Das Auto wird dabei von einem Fahrer zum Kunden gebracht. Der Fahrer sitzt aber nicht hinter dem Steuer des Autos sondern steuert es fern. Vay(öffnet im neuen Fenster) nennt dies einen Telefahr-Mobilitätsservice. Der Kunde empfängt das Fahrzeug am gewünschten Ort, kann sofort losfahren und muss sich am Ziel nicht ums Parken kümmern, denn der Telefahr-Pilot übernimmt dann wieder.
Es handelt sich um Elektroautos, die durch diese Art der Steuerung im Vergleich zu Carsharing-Autos besonders gut ausgelastet werden sollen und auch in Gebieten mit geringerer Bevölkerungsdichte eingesetzt werden können.

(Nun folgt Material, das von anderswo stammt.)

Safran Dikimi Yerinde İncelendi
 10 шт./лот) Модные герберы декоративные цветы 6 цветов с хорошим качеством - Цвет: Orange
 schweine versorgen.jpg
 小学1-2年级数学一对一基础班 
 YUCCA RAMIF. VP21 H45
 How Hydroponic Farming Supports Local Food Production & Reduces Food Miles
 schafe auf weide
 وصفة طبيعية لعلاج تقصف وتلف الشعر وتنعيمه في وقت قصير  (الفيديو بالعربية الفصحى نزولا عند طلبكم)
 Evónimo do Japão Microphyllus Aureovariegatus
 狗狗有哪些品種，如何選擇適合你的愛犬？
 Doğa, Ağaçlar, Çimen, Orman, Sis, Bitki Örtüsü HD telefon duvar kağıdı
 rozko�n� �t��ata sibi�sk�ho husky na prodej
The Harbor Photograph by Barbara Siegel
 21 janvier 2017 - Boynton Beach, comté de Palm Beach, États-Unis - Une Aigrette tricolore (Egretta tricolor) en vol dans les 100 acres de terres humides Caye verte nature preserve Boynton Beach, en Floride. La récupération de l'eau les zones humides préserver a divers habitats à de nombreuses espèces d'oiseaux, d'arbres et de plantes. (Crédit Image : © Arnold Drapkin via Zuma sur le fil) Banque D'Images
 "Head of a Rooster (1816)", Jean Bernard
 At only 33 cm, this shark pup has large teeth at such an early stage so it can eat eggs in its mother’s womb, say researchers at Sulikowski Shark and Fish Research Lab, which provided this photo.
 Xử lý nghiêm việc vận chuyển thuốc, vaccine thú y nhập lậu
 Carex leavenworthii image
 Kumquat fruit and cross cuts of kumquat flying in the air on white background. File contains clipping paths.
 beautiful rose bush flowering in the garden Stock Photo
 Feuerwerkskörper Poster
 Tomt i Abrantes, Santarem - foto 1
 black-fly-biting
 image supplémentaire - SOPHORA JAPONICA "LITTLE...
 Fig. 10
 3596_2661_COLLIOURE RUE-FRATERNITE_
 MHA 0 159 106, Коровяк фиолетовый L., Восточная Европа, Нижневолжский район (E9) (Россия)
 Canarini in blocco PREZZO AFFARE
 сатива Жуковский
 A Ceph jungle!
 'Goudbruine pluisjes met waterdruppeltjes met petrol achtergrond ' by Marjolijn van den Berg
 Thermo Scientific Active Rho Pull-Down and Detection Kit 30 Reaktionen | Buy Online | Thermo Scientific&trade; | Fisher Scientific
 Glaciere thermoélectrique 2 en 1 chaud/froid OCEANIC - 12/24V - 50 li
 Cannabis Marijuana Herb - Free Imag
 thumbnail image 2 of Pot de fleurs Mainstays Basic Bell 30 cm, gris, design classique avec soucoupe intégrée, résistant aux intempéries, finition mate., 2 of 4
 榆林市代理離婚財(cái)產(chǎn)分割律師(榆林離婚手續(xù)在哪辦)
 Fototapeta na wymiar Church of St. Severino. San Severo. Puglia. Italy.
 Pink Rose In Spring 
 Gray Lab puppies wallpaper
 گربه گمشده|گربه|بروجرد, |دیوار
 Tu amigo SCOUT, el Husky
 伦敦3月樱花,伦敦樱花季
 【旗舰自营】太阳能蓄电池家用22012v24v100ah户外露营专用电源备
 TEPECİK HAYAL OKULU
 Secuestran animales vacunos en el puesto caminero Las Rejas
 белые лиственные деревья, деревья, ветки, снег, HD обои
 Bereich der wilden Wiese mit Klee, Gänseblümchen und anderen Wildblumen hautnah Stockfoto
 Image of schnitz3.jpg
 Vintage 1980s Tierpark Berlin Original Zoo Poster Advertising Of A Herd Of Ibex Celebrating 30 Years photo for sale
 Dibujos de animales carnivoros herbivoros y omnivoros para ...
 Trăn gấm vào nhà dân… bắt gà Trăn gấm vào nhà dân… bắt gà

Anjes Tjarks, Hamburgs Senator für Verkehr und Mobilitätswende, erklärt dazu:: "Der neue Mobilitätsservice zahlt gleich mehrfach auf die Mobilitätswende ein: die elektrische Carsharing-Flotte erschließt in der äußeren Stadt Gebiete, die vom ÖPNV noch nicht vollends erschlossen sind, bietet dadurch eine bequeme, schnelle Alternative zum eigenen Auto und verringert auf diese Weise sowohl Straßenverkehr als auch Lärm- und CO2-Emissionen. Ziel ist es, das Angebot in den hvv zu integrieren."
Zunächst wird Vay in Hamburger Stadtteil Bergedorf starten. Ziel ist es, eine Ergänzung zum Nahverkehr insbesondere in den Hamburger Außenbezirken anzubieten.
Der entfernte Fahrer sitzt vor drei Bildschirmen und sieht darauf die Bilder, die das Fahrzeug von der Umgebung aufzeichnet. Diese werden übers Internet übermittelt. Gesteuert wird das Auto wie vom Fahrersitz aus: Mit Lenkrad und Pedalen. Das Verfahren ähnelt dem in einem Rennsimulator. Nähere Details zu der verwendeten Technik nannte Vay bisher nicht.
Vay testet die eigens entwickelte Telefahr-Technologie seit zwei Jahren auf öffentlichen Straßen in Berlin und Hamburg, derzeit noch mit Sicherheitsfahrer hinter dem Steuer. Gemeinsam mit der Stadt Hamburg arbeitet Vay daran, den Zulassungsprozess für einen Service ohne Fahrer im Auto zum Start im kommenden Jahr abgeschlossen zu haben.